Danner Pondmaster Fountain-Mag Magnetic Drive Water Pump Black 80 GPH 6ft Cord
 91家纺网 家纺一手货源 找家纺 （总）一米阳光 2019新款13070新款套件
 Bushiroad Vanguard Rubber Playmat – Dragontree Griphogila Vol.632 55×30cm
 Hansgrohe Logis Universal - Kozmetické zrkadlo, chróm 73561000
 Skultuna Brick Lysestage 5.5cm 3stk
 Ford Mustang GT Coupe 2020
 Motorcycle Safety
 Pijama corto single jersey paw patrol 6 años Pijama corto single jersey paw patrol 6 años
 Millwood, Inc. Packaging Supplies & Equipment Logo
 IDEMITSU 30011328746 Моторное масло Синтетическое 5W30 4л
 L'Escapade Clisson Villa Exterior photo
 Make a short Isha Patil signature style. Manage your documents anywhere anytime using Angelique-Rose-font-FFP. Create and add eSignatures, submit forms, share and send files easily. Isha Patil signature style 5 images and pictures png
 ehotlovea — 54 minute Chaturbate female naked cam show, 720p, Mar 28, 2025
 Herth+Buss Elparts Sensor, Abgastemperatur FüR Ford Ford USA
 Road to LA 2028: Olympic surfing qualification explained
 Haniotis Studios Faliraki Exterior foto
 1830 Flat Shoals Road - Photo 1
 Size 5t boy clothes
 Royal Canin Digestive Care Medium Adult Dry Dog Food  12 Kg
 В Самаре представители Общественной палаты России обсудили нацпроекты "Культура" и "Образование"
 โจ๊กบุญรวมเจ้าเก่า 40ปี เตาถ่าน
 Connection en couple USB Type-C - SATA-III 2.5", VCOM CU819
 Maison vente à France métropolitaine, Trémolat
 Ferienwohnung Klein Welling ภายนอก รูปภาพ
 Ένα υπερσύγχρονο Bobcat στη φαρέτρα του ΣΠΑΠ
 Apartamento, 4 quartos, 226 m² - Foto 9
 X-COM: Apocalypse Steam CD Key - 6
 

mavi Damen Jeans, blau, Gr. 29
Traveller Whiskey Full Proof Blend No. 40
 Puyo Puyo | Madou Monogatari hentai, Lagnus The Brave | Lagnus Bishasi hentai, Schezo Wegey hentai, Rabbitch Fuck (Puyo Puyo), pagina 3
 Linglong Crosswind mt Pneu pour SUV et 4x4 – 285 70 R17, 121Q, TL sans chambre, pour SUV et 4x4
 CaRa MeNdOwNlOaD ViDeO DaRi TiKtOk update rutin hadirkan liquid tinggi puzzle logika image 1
........
### Exercise:
The answer is the lines above between the line holding "Haniotis Studios Faliraki Exterior foto" and the line holding "Linglong Crosswind mt", inclusive, each written out exactly, and no others.

### Response:
 Haniotis Studios Faliraki Exterior foto
 1830 Flat Shoals Road - Photo 1
 Size 5t boy clothes
 Royal Canin Digestive Care Medium Adult Dry Dog Food  12 Kg
 В Самаре представители Общественной палаты России обсудили нацпроекты "Культура" и "Образование"
 โจ๊กบุญรวมเจ้าเก่า 40ปี เตาถ่าน
 Connection en couple USB Type-C - SATA-III 2.5", VCOM CU819
 Maison vente à France métropolitaine, Trémolat
 Ferienwohnung Klein Welling ภายนอก รูปภาพ
 Ένα υπερσύγχρονο Bobcat στη φαρέτρα του ΣΠΑΠ
 Apartamento, 4 quartos, 226 m² - Foto 9
 X-COM: Apocalypse Steam CD Key - 6
 

mavi Damen Jeans, blau, Gr. 29
Traveller Whiskey Full Proof Blend No. 40
 Puyo Puyo | Madou Monogatari hentai, Lagnus The Brave | Lagnus Bishasi hentai, Schezo Wegey hentai, Rabbitch Fuck (Puyo Puyo), pagina 3
 Linglong Crosswind mt Pneu pour SUV et 4x4 – 285 70 R17, 121Q, TL sans chambre, pour SUV et 4x4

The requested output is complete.